To start, what do you like best about this home and school?

  • We share with everyone.
  • The best thing here is that we learn a lot of values, and there is a lot of learning. There is always support from teachers.
  • The teachers require us to meet our obligations.
  • The good thing about being here is that we are taught agriculture, planting vegetables, things that some people do not have the opportunity to do.
  • We share with our colleagues—they support us in good times and bad—and also learn to divide our time. We can’t do things at just any time. There’s also a lot of support from the educators, here and at the school.
  • What I like most about this house is that we learn values: respect, honesty, all values.
  • We come here to learn and grow so we can have better lives.
  • We share, we open up more, and they challenge us so we do well in the future.
  • What I like about this is that everything the educators teach us is challenging; the courses will always help us in life. I like to share with everyone.
  • Also on Saturdays, we have cultural evenings. We learn not to be afraid to talk and share.
  • We have dances, comedies, and social events every week.

What are your favorite subjects?

  • Everything!
  • Everyone has their favorite subjects. Mine are physical education, music, and English.
  • I like chemistry and music.

Or, do you not like any of them...?

  • I like mathematics, physical education, English, natural sciences, social sciences, everything.

So this guy likes everything, and the rest of you, nothing? Are the courses here very demanding, or interesting, or not?

  • Interesting and challenging.
  • You have to be responsible in everything.

What sort of relationship do you have with your teachers?

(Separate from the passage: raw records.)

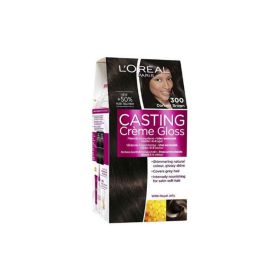 L'oreal Casting Creme Gloss 300 Dark Brown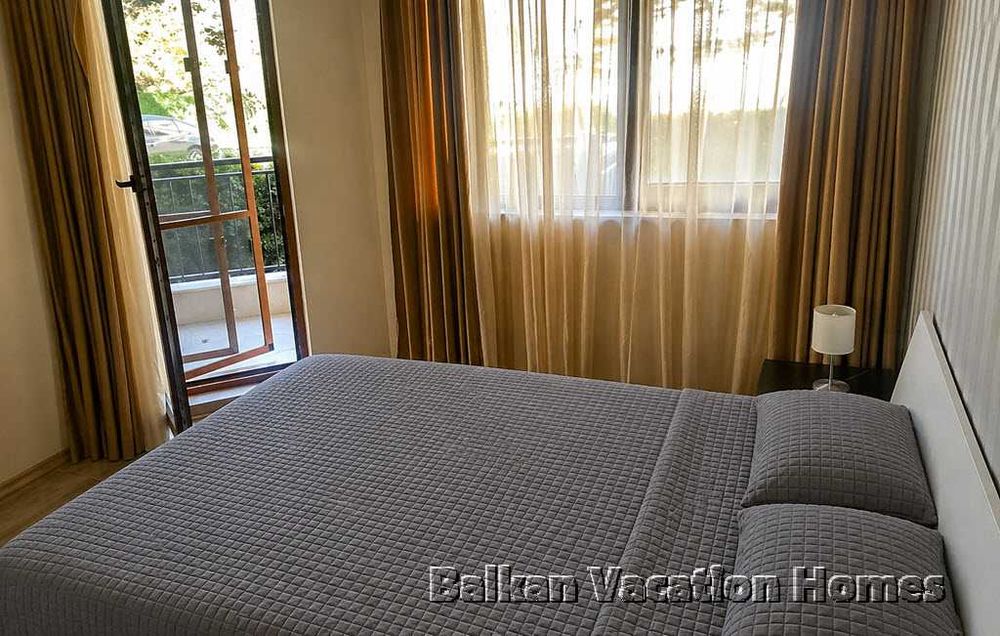 Продава се Двустаен апартамент в Бяла - 72 кв.м за 510 €/кв.м - Снимка #9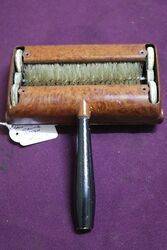 Vintage Bakelite Table Crumb Brush 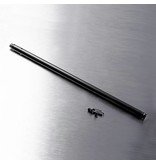 MST XXX Aluminium Propeller Shaft / Color: Black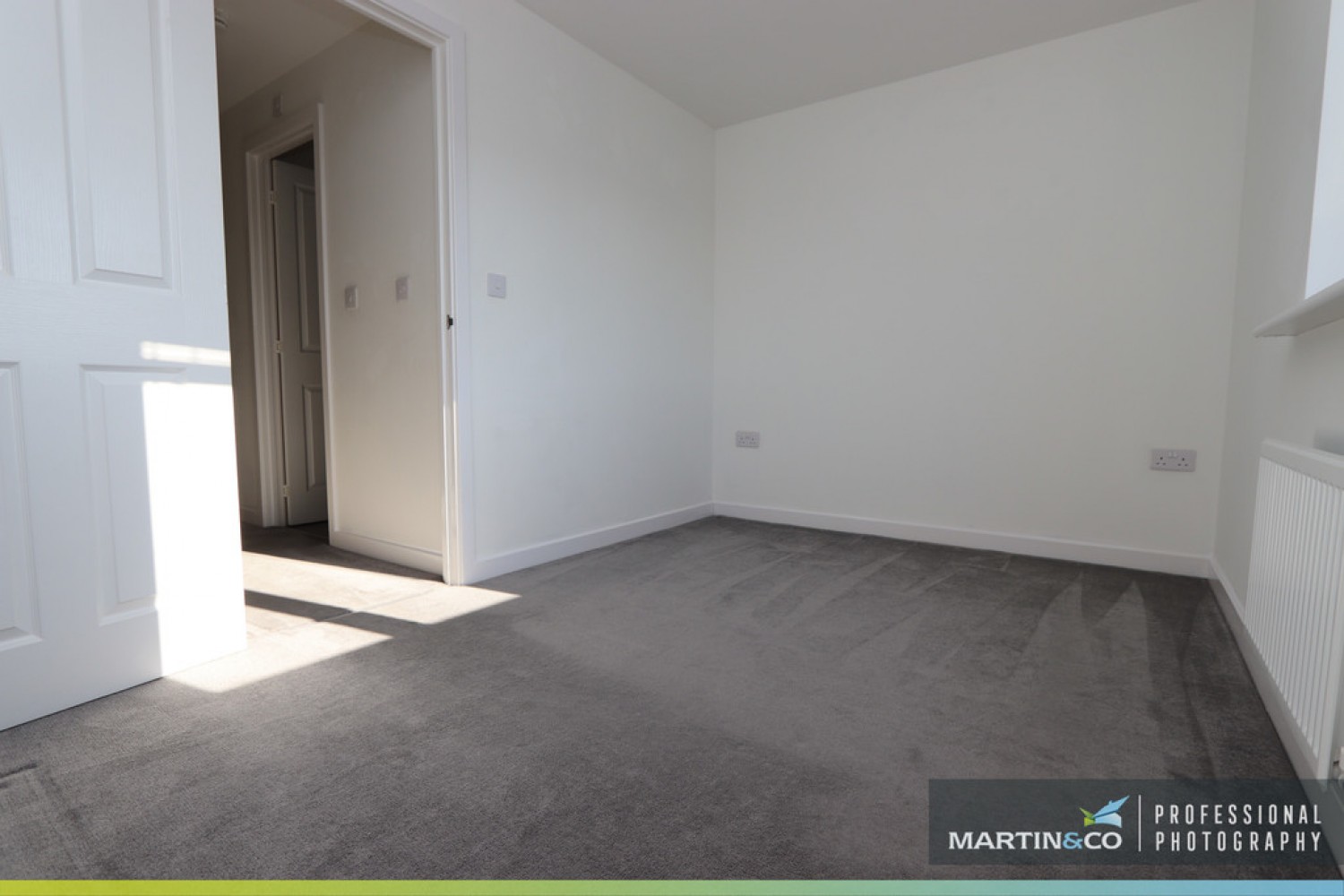 3 bedroom House for Letting Potter Street, St Edeyrns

  • It’s very good. Friendly.
  • Yes, like she said.

Do you like going to school?

  • [All] Yes!

What is your routine here?

  • First, we get up at 6:00 a.m. Then, we clean our rooms and go down to have our breakfast at 7:00 a.m. At half past seven we go to school, and or we walk at 8:00 a.m. in winter. Then at 1:00 p.m. in the afternoon we return here. At 2:00 p.m., or half past two, we eat. Then we return to our spaces and at 3:00 p.m. in the afternoon we do our work in agriculture.
  • Some of us also have afternoon classes. Most of us do.
  • Then, we have classes. At 5:00 p.m. or 6:00 p.m. we have our tea. Then, we get ready and do our homework starting at 7:00 p.m. At 8:00 p.m. we eat dinner. There is a pause, and then we go back to our homework. Some wash dishes and tureens, those working in service that week. At 10:00 p.m. in the evening we go to bed.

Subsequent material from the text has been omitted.